6. Considérant que, sans contester la possibilité de diversité des modes de recrutement des fonctionnaires d'un même corps, d'ailleurs consacrée par la pratique, les sénateurs auteurs de la saisine soutiennent que la loi soumise à l'examen du Conseil constitutionnel méconnaît l'article 6 précité de la Déclaration de 1789 à deux points de vue : en premier lieu, en ce que certains des critères retenus par la loi pour définir les catégories de citoyens admis au mode particulier de recrutement qu'elle institue sont sans rapport avec l'exigence de capacité formulée par l'article 6 de la Déclaration ; en second lieu, en ce que la loi écarte du concours qu'elle institue des citoyens dont les aptitudes et les qualités ne sauraient être présumées inférieures à celles des citoyens qu'elle admet à concourir ;
En ce qui concerne l'exigence de capacité formulée par l'article 6 de la Déclaration de 1789 :
7. Considérant qu'il résulte des travaux préparatoires que le législateur a estimé que les personnes appartenant aux catégories définies par l'article 20 bis nouveau de l'ordonnance du 4 février 1959 présentaient des qualités de compétence, d'expérience et de désintéressement faisant présumer leur aptitude à se présenter à un concours de recrutement ayant pour objet de vérifier leur capacité et de choisir les meilleures d'entre elles ; que cette appréciation qu'il appartenait au législateur de porter n'est pas entachée d'une erreur manifeste ;
8. Considérant que, si l'alinéa 8 de l'article 20 bis nouveau confie au ministre chargé de la fonction publique le soin d'établir, après avis d'une commission présidée par un conseiller d'État, la liste des personnes admises à concourir, il résulte tant des travaux préparatoires que des règles générales de la fonction publique que la mission ainsi confiée, sous le contrôle du juge, au ministre chargé de la fonction publique a pour seul objet la vérification de l'aptitude légale des candidats à se présenter au concours et non celle de leur capacité qui relève du seul jury du concours ;
9. Considérant que la nomination des candidats admis au concours dans les corps auxquels ils ont accès est précédée d'une formation dispensée par l'Ecole nationale d'administration ; que l'établissement, à l'issue de cette formation, d'une liste de classement par ordre de mérite commande le choix des corps par les intéressés ;
10. Considérant que cet ensemble de mesures satisfait à l'exigence de capacité formulée par l'article 6 de la Déclaration de 1789 ; qu'ainsi, de ce premier point de vue, le grief élevé par les auteurs de la saisine ne saurait être retenu.
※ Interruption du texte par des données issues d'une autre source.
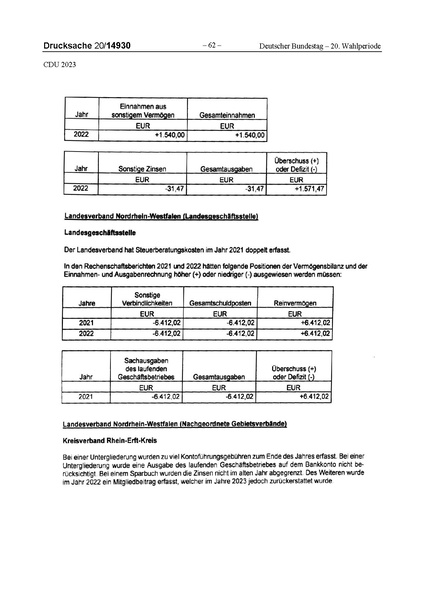 Datei:2023 CDU.pdf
En ce qui concerne l'exclusion de certaines catégories de personnes du bénéfice de la loi :
11. Considérant que, de façon générale, les auteurs de la saisine font valoir que le législateur n'a pas admis au bénéfice de la loi soumise à l'examen du Conseil constitutionnel des catégories de personnes, notamment les cadres du secteur public, semi-public ou privé, dont les mérites et les aptitudes ne sauraient être présumés moindres que ceux des personnes admises à subir le concours de sélection sur épreuves ;
12. Considérant que la loi présentement examinée ne s'est pas référée, pour déterminer les catégories de personnes admises à son bénéfice, à aucun critère de caractère socio-professionnel ; qu'ainsi le principe de l'égal accès aux emplois publics n'a pu être méconnu au détriment des cadres ni d'ailleurs au détriment d'aucune autre catégorie socio-professionnelle ;
13. Considérant que les possibilités d'accès aux qualifications ouvrant le bénéfice de la loi sont égales pour toutes les personnes, sans discrimination de droit ou de fait selon les professions ;
14. Considérant ainsi que, dans sa formulation la plus générale, le grief présentement examiné ne saurait être retenu.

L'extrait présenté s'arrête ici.